Biz, bu bankanın piyasadaki bankalardan çok farklı, ihtisas bankası olmasını istiyoruz ve diğer yandan güçlü kurumsal bir ortaklık yapısı oluşturulmasına özen gösteriyoruz. Şu anda 47 bankamız var, farklı bir yapı kurgulanmayacaksa 48’inci banka olmanın bir anlamı yok. Yurtdışında örnekleri var. Dijital ve kooperatif bankacılığı temelinde şekillenecek bir ihtisas bankası kurmak istiyoruz. Bu projemiz devam ediyor, banka işleri tercihler ve hedeflere göre şekillenen ve bu kararlara göre ilerleme sağlanan projelerdir. Herhangi bir tıkanma söz konusu değil. Takdir edersiniz ki Türkiye’de olmayan bir bankayı kuruyoruz. Bu nedenle bankanın teknik ve mevzuat açısından altyapısının iyi kurgulanması gerekiyor. Biz, bu süreçte devletin ilgili kurumları ve sektör paydaşlarımızla defalarca bir araya geldik, verimli istişarelerde bulunduk. Sürecin sağlıklı ilerlemesi için tüm bu görüşmelerimizi kendi içimizde gerçekleştirdik ve dışarıya hiçbir duyurusunu yapmadık. Altınbank kurma hedefinde en ufak bir sapma yoktur. Meslektaşlarımız da finansal destek açısından bu konuya oldukça sıcak yaklaşıyor. Hazine ve Maliye Bakanlığımız, BDDK, TMSF ve Merkez Bankası yetkilileriyle devam eden görüşmelerimiz oldukça olumlu ilerliyor. Altınbank kurma konusunun ertelenmesi hiçbir zaman gündemimizde olmadı ve olmayacak. Devam eden bir süreç söz konusu.

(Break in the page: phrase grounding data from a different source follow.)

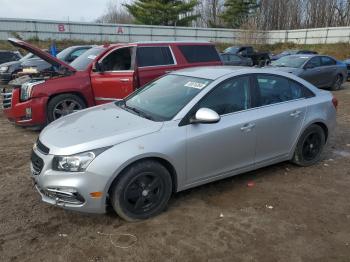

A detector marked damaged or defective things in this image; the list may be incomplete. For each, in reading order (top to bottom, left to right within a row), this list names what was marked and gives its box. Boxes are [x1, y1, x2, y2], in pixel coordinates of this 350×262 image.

car with missing front end [31, 66, 338, 221] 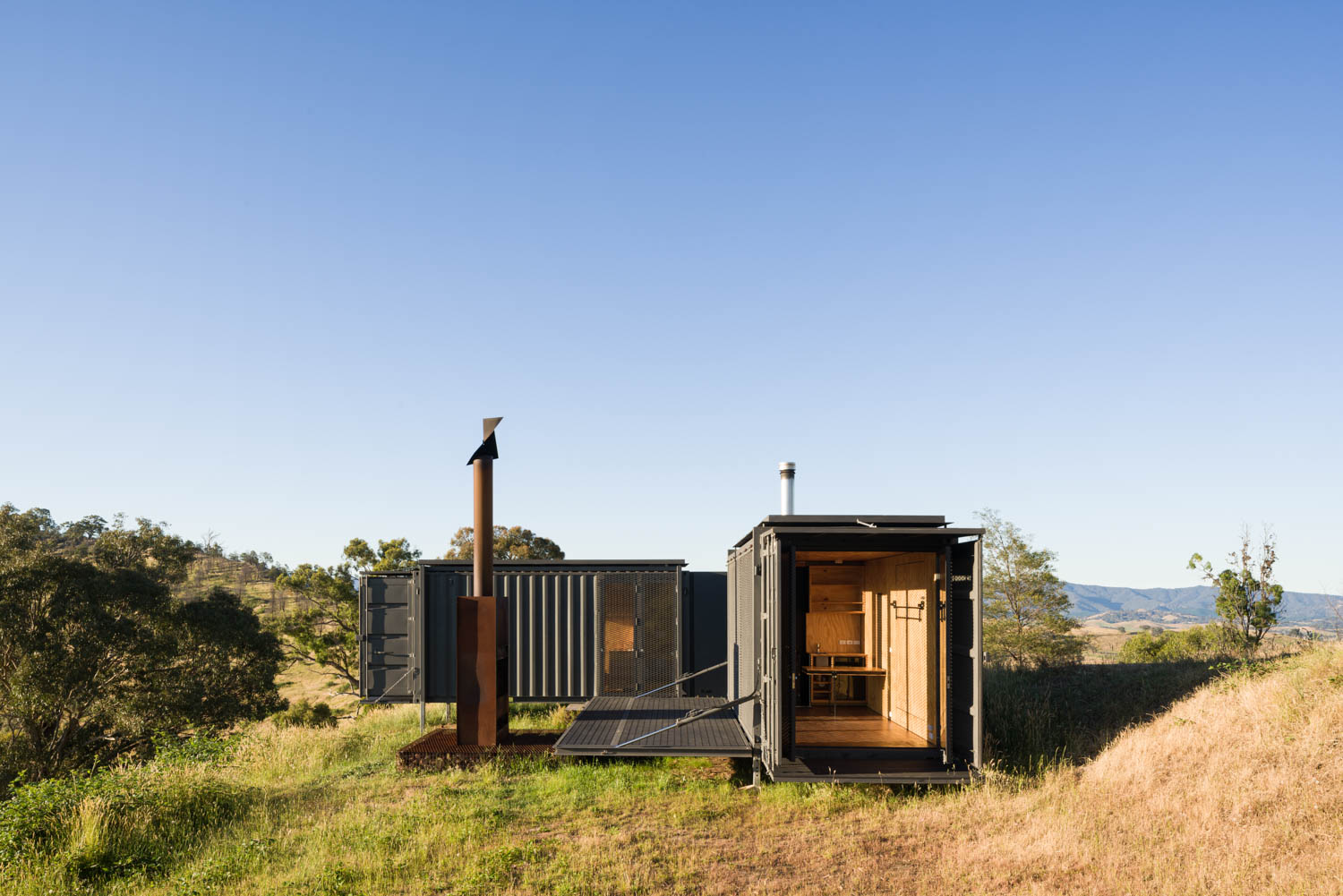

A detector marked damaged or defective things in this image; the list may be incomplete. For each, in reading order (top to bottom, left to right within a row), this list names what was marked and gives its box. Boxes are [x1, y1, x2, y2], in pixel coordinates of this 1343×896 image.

rusted steel chimney [457, 416, 508, 747]
rusted steel base plate [392, 730, 561, 773] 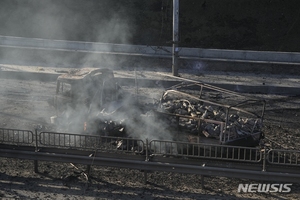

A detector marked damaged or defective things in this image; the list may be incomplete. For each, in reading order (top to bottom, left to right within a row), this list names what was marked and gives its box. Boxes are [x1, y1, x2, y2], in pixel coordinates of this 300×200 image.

charred vehicle wreck [50, 68, 266, 148] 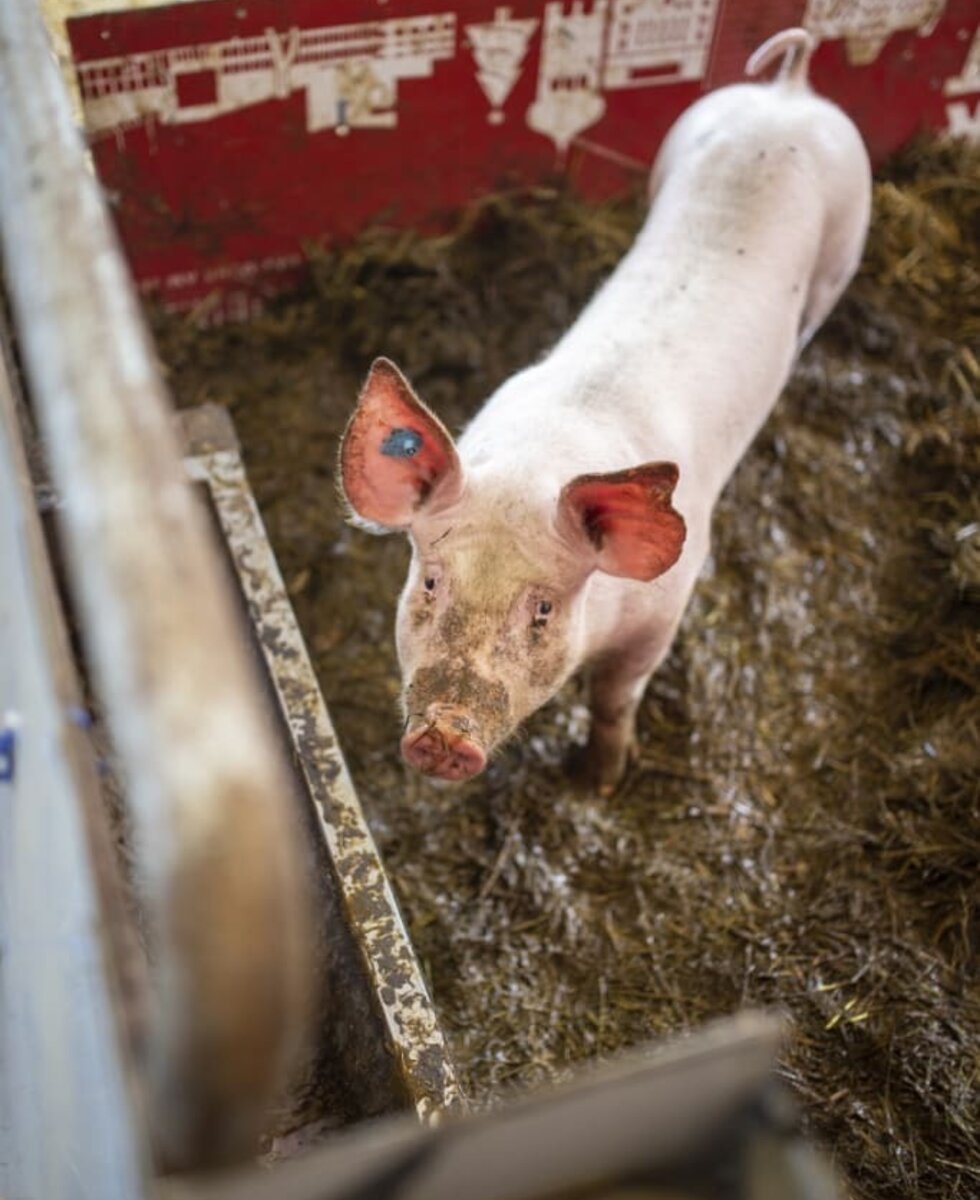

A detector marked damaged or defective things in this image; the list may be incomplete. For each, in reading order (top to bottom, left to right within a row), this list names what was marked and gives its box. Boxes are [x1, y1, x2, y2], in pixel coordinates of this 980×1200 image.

rusty metal edge [185, 417, 467, 1118] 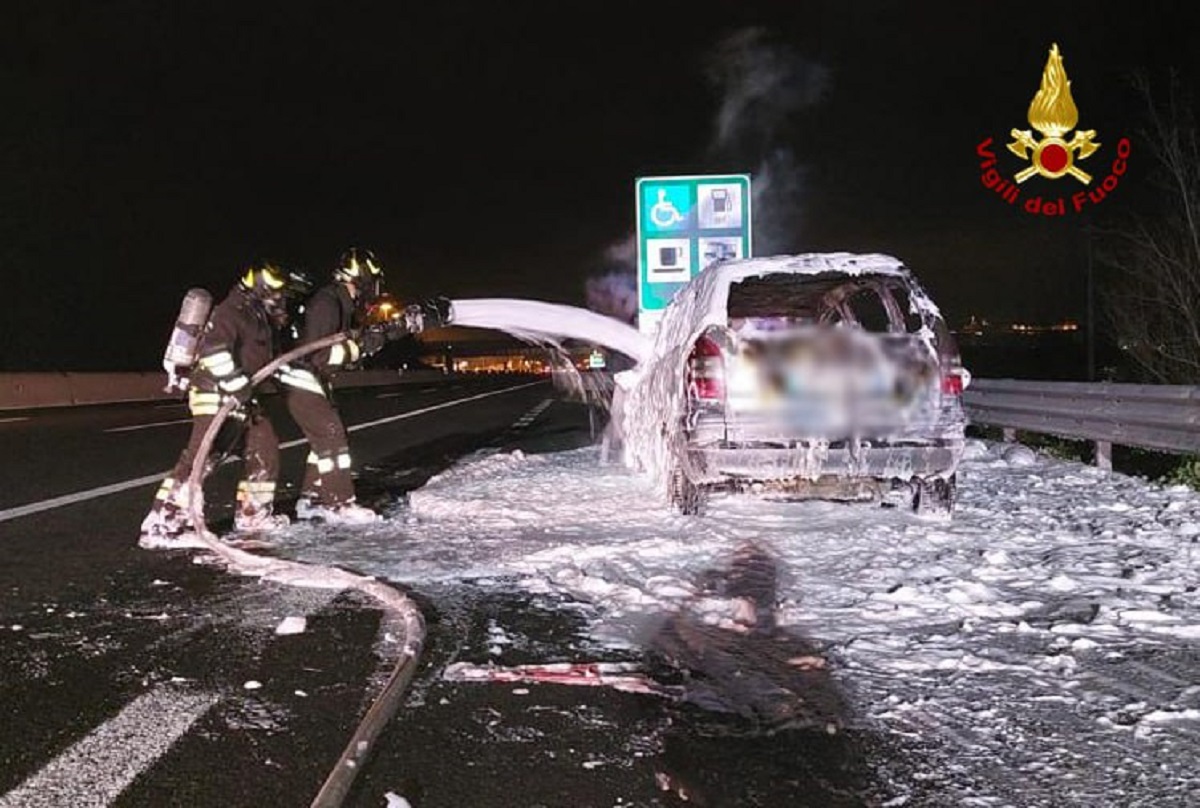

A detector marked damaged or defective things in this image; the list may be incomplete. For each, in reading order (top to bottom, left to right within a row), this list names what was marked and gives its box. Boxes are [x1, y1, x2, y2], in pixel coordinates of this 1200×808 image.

burnt car [624, 253, 969, 516]
charred car body [624, 253, 969, 516]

Kuyumculuk sektörünün yaşadığı kredi ve finans sorunlarına çare olmak amacıyla Altanbank’ı kurmak istediğinizi söylemiştiniz. Kuyumcuların bu sorunları devam ediyor mu? Sorunlarda eksilme ya da çoğalma var mı? Kuyumcu esnafının şu anki durumu nedir?
Altınbank’ın, kuyumculuk sektörünün yaşadığı kredi ve finans sorunlarına çare olacağı yönündeki görüşümüz aynı şekilde önemini ve yerini koruyor, bu tür kredilerde yaşanan sıkıntılar, altın arzının yeterli olmamasının da getirdiği ek maliyetlerle devam ediyor. Yıllık yüzde 3 olan başlangıç faiziyle kredi kullanan sektör mensubumuzun bir yıllık vade sonunda bir kg altın kredisi için ödeyeceği faiz 30 gram altına karşılık gelirken, bankalar şimdilerdeki faiz değişiklikleriyle yıllık yüzde 7 ile yüzde 11 arasında değişen faiz oranlarıyla 1 kg altın kredisine karşılık, 70 gram ile 110 gram arasında altın talep etmektedirler ki, maliyetlerimizi birebir etkileyen bu taleplerin yanı sıra; kredi komisyonu, kredi kullandırma bedeli adı altında maliyeti artıran unsurları gündeme getiriliyor. Kredi kullanım aşamasında değerinin çok altında teminat karşılığı ipotek edilen gayrimenkuller nedeniyle de defalarca teminat tamamlama çağrısı yapılıyor.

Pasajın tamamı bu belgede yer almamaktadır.